Inoltre, anche i francesi conservano tutto il loro oro a casa. La Francia ha prelevato tutti suoi lingotti da New York nel 1966, tra l’altro anche con dei sommergibili americani. La Germania non farà probabilmente mai un passo simile. Anche dopo la conclusione dell’operazione nel 2020, circa il 37 per cento dell’oro tedesco sarà ancora nei caveau di Manhattan.

Parziale rimpatrio per calmare gli animi

Dopotutto si sono fatti almeno alcuni passi avanti, ammette Peter Boehringer. Ma per lui e i suoi compagni di lotta, il proposito della Banca federale, nonché la sua attuazione sono insufficienti: per ora solo 37 tonnellate, di cui solo 5 dagli Stati Uniti, sono state rimpatriate. L’iniziativa di Boehringer, così come quella svizzera, vuole che tutto l’oro sia al sicuro in patria, al pari di USA, Inghilterra e Francia. «Questi Stati non sono accusati di avere sfiducia negli alleati», dice Boehringer, membro del consiglio di amministrazione della società federale dei metalli preziosi, sua principale attività professionale. Gli mancano inoltre le prove che le 37 tonnellate di oro siano davvero state riportate a casa.
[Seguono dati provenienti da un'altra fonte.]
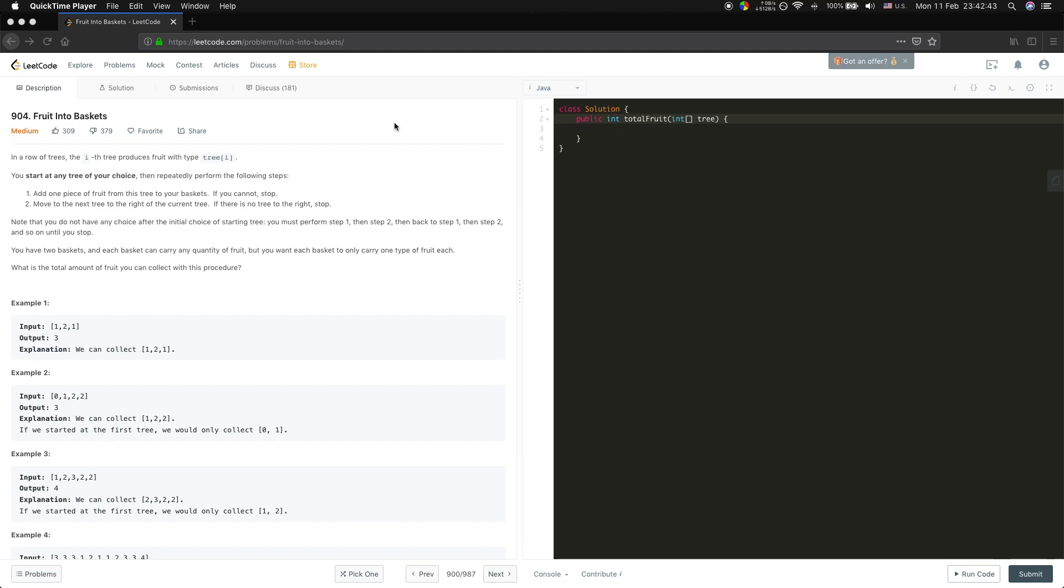Hello guys, now I'll try to solve the Fruit into Baskets problem. The problem seems very complicated, but indeed this problem just asks us to calculate the max window which only has two different characters.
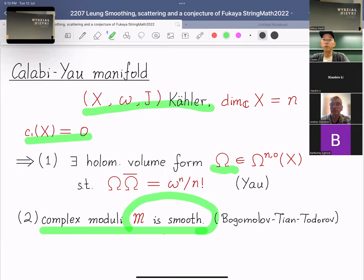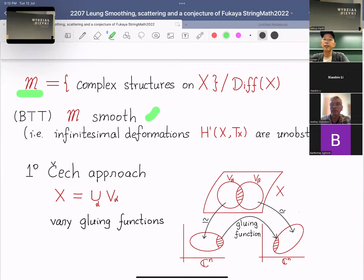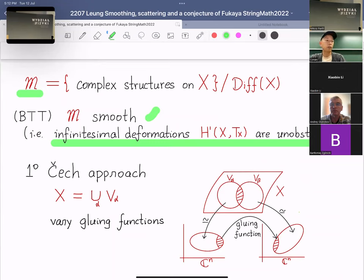Using the holomorphic volume form, one can prove that the moduli space of complex structures is smooth. Let me briefly explain this property, because we will be generalizing this behavior to large complex structure limits. This is a theorem of Bogomolov-Tian-Todorov: M is the moduli space of all complex structures on X up to diffeomorphism, and the theorem says this is smooth — equivalently, any infinitesimal deformation can integrate to an honest deformation, meaning the deformation problem is unobstructed.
D’altro canto, la Banca federale tedesca deve dimostrare una certa sensibilità politica: se la Germania dovesse ritirare tutti i lingotti d’oro custoditi negli USA, ciò potrebbe suscitare una certa sfiducia nell’importante alleato americano. Così, l’intenzione di portare parte dell’oro in Germania è una sorta di compromesso, con cui la Banca federale tranquillizza i critici, senza urtare Washington e Londra. Peter Boehringer sarebbe felice se anche i tedeschi, come gli svizzeri, potessero esprimere il loro parere sulla questione dell’oro. «Sono sicuro che il voto sarebbe inequivocabile».